Reproduce everything from the line that contains "Zixi Original Factory" down to the line that contains "Office Space for" in the listing below, word for word and nothing more. Leave the pictures out.

> Input records

---*---

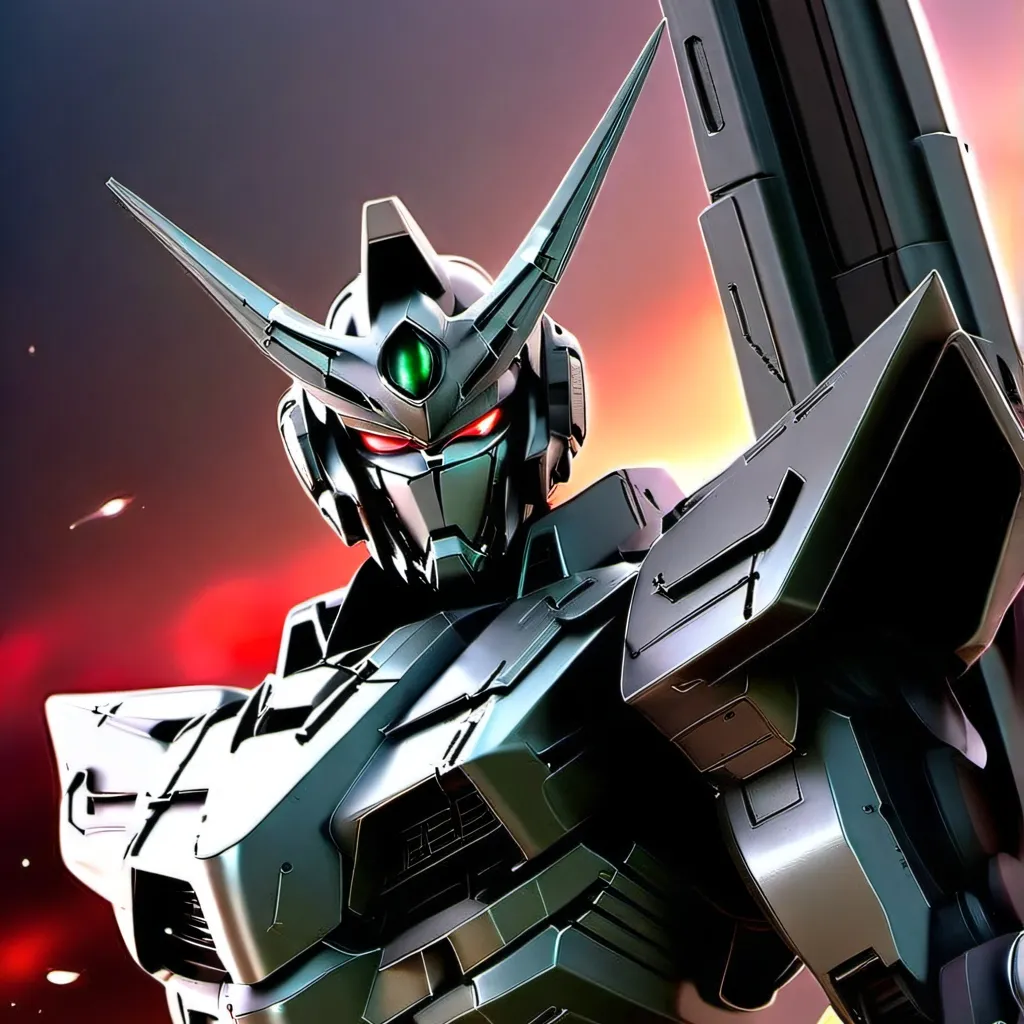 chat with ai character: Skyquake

---*---

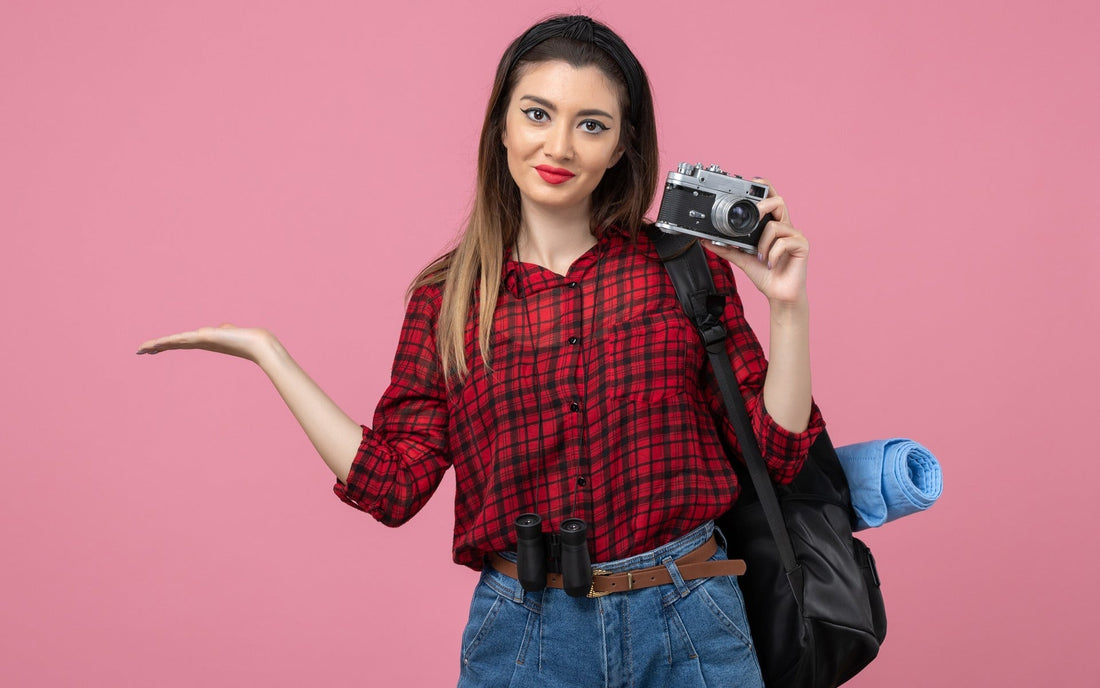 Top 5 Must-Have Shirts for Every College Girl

---*---

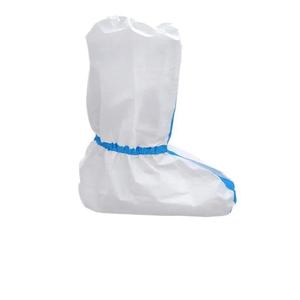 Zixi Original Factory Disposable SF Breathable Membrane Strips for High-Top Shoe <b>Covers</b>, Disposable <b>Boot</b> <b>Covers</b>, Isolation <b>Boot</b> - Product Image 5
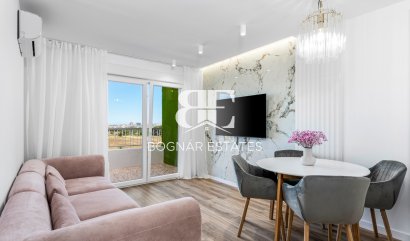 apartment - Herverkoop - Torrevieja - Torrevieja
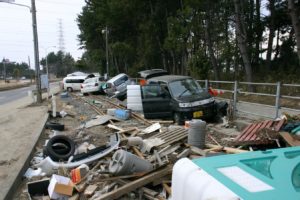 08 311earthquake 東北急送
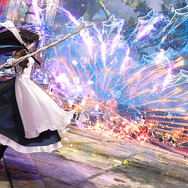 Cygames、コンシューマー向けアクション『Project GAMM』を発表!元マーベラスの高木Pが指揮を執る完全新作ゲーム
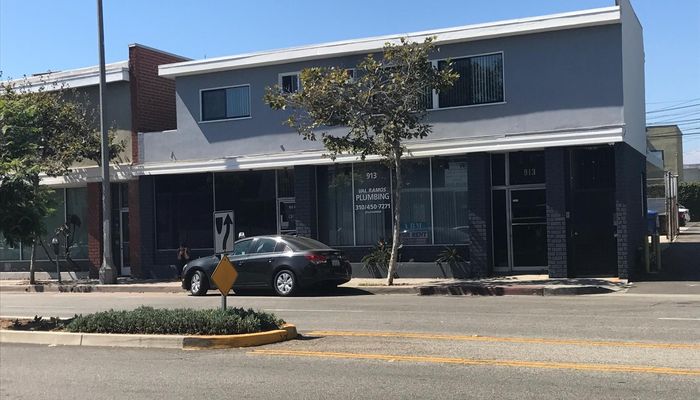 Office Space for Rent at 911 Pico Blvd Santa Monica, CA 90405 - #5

---*---

> The answer
 Zixi Original Factory Disposable SF Breathable Membrane Strips for High-Top Shoe <b>Covers</b>, Disposable <b>Boot</b> <b>Covers</b>, Isolation <b>Boot</b> - Product Image 5
 apartment - Herverkoop - Torrevieja - Torrevieja
 08 311earthquake 東北急送
 Cygames、コンシューマー向けアクション『Project GAMM』を発表!元マーベラスの高木Pが指揮を執る完全新作ゲーム
 Office Space for Rent at 911 Pico Blvd Santa Monica, CA 90405 - #5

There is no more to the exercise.